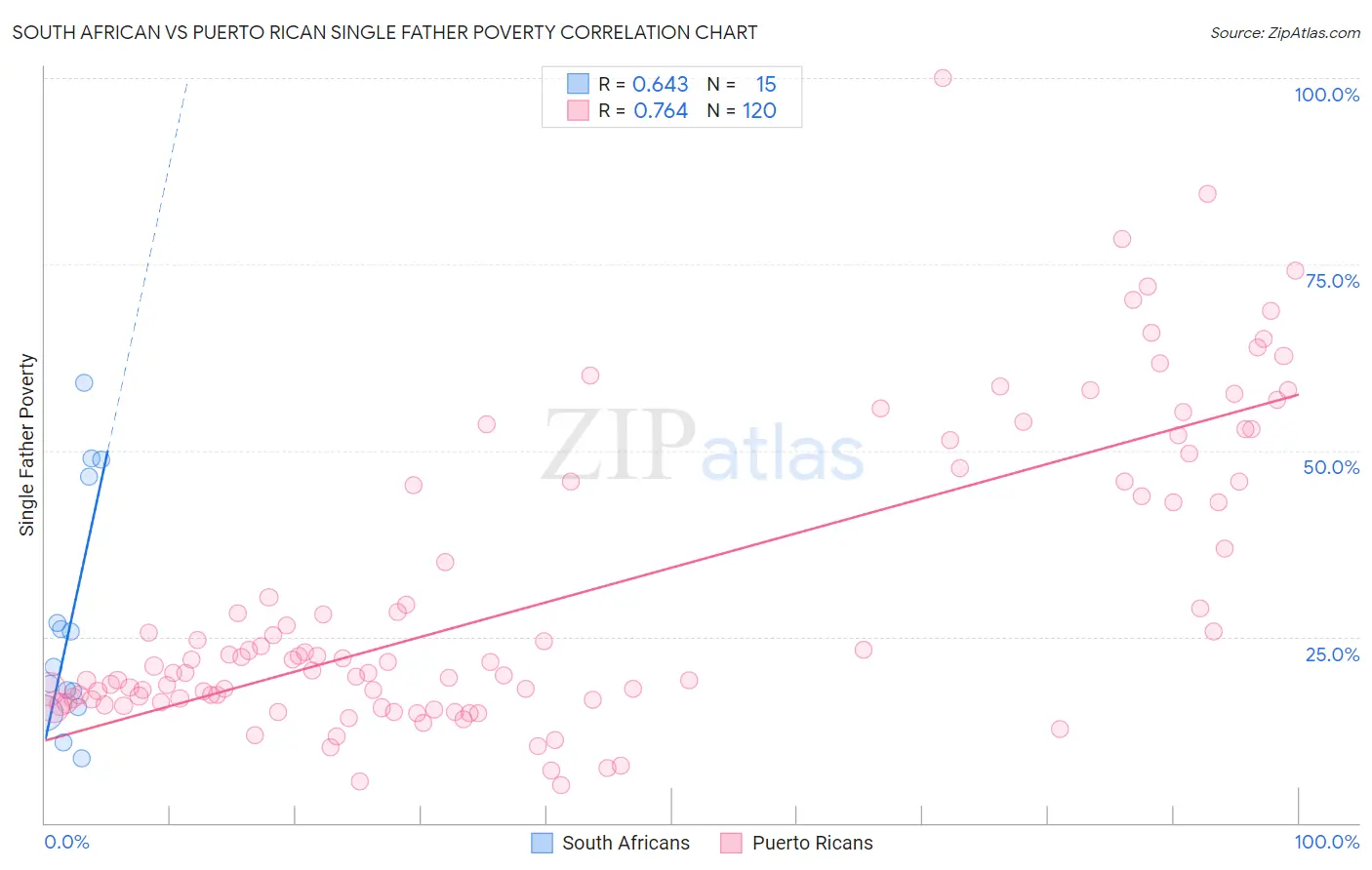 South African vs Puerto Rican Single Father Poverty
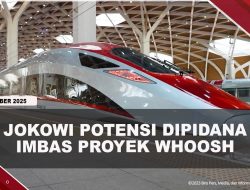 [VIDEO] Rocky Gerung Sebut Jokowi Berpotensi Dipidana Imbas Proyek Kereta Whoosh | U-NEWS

==

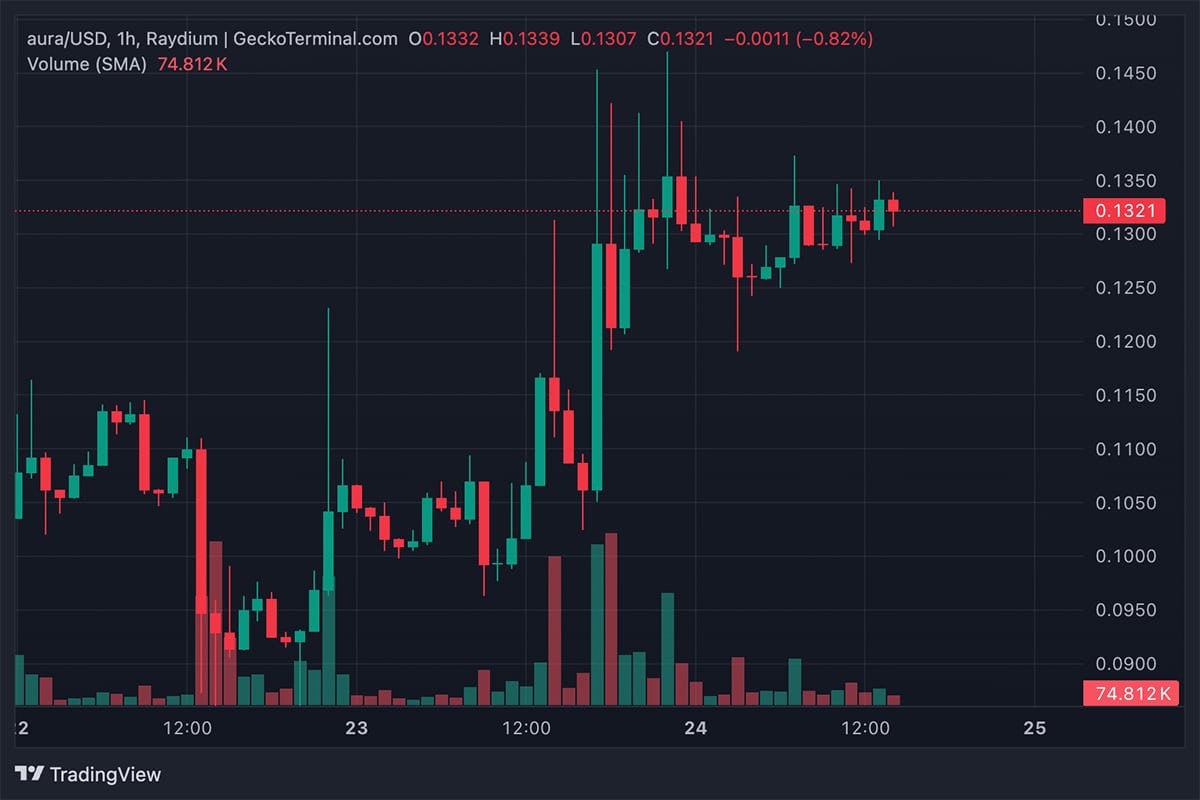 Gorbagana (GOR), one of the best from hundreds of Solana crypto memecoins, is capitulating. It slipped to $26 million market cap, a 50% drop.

Directions for this task: Beginning at the line above that contains "South African vs" and going on through the line that contains "[VIDEO] Rocky Gerung", please copy every line exactly, leaving the pictures out and adding nothing.

Answer to this task:
 South African vs Puerto Rican Single Father Poverty
 [VIDEO] Rocky Gerung Sebut Jokowi Berpotensi Dipidana Imbas Proyek Kereta Whoosh | U-NEWS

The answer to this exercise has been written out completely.